The data ->
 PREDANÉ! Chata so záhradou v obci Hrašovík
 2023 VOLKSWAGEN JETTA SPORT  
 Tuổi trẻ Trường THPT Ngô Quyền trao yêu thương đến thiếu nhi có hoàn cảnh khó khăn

About this task ->
Write out the whole listing exactly as it stands.

Response to the exercise ->
 PREDANÉ! Chata so záhradou v obci Hrašovík
 2023 VOLKSWAGEN JETTA SPORT  
 Tuổi trẻ Trường THPT Ngô Quyền trao yêu thương đến thiếu nhi có hoàn cảnh khó khăn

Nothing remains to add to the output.